* Given data:
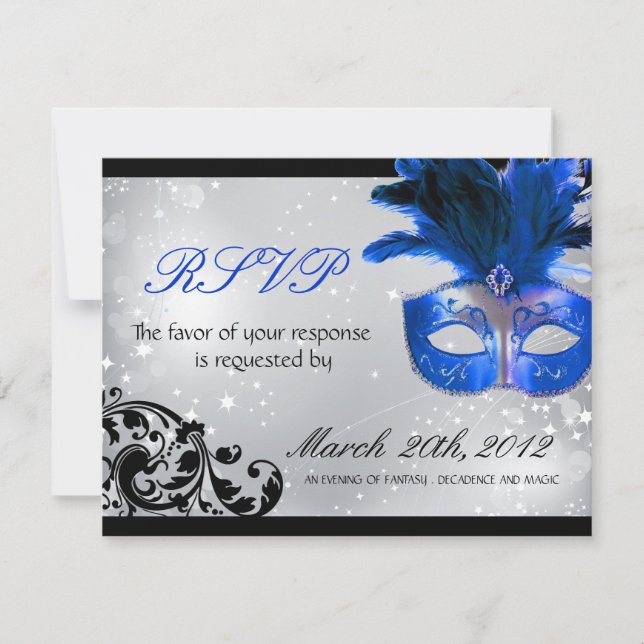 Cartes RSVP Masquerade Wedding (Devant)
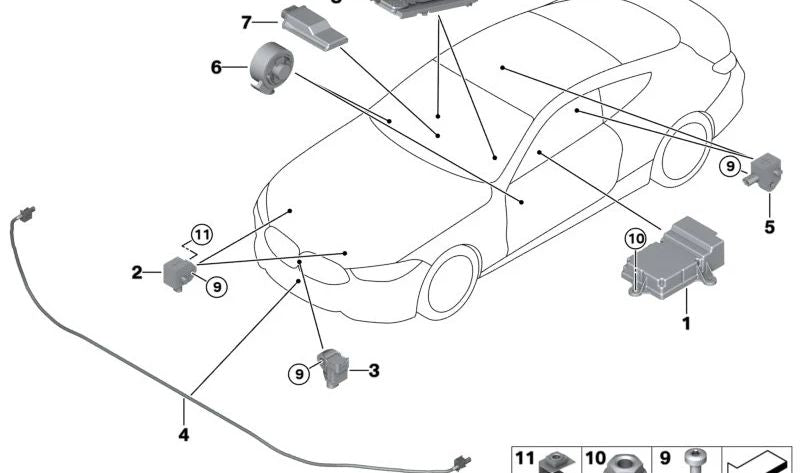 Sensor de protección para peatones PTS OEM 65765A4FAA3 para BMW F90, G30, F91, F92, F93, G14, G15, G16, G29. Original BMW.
--
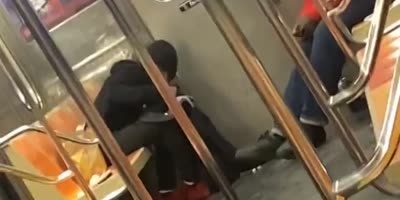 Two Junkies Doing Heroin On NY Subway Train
==
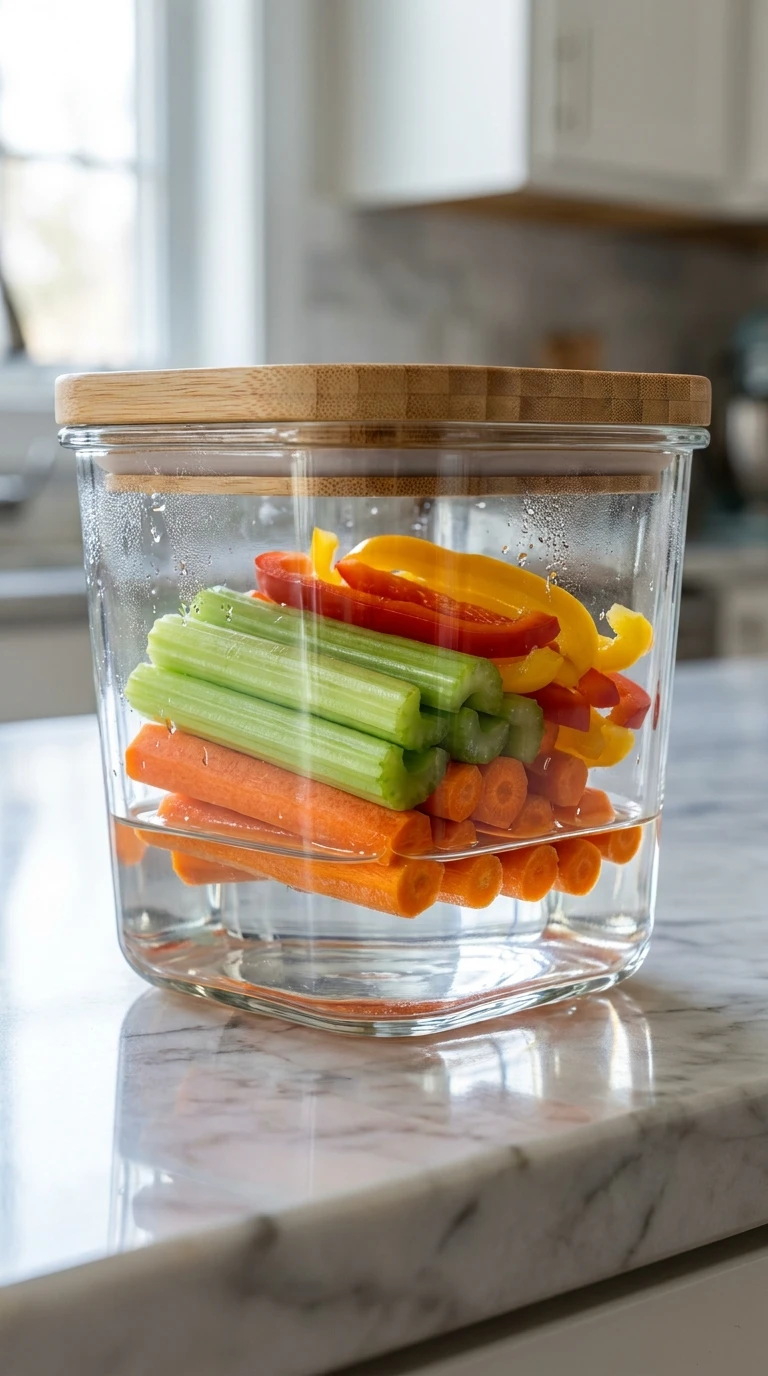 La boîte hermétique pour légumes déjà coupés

* Exercise:
Copy word for word the span of the records above that begins at the line with "Cartes RSVP Masquerade Wedding (Devant)" and ends at the line with "Sensor de protección", including those two lines but not the pictures.

* Finished exercise:
 Cartes RSVP Masquerade Wedding (Devant)
 Sensor de protección para peatones PTS OEM 65765A4FAA3 para BMW F90, G30, F91, F92, F93, G14, G15, G16, G29. Original BMW.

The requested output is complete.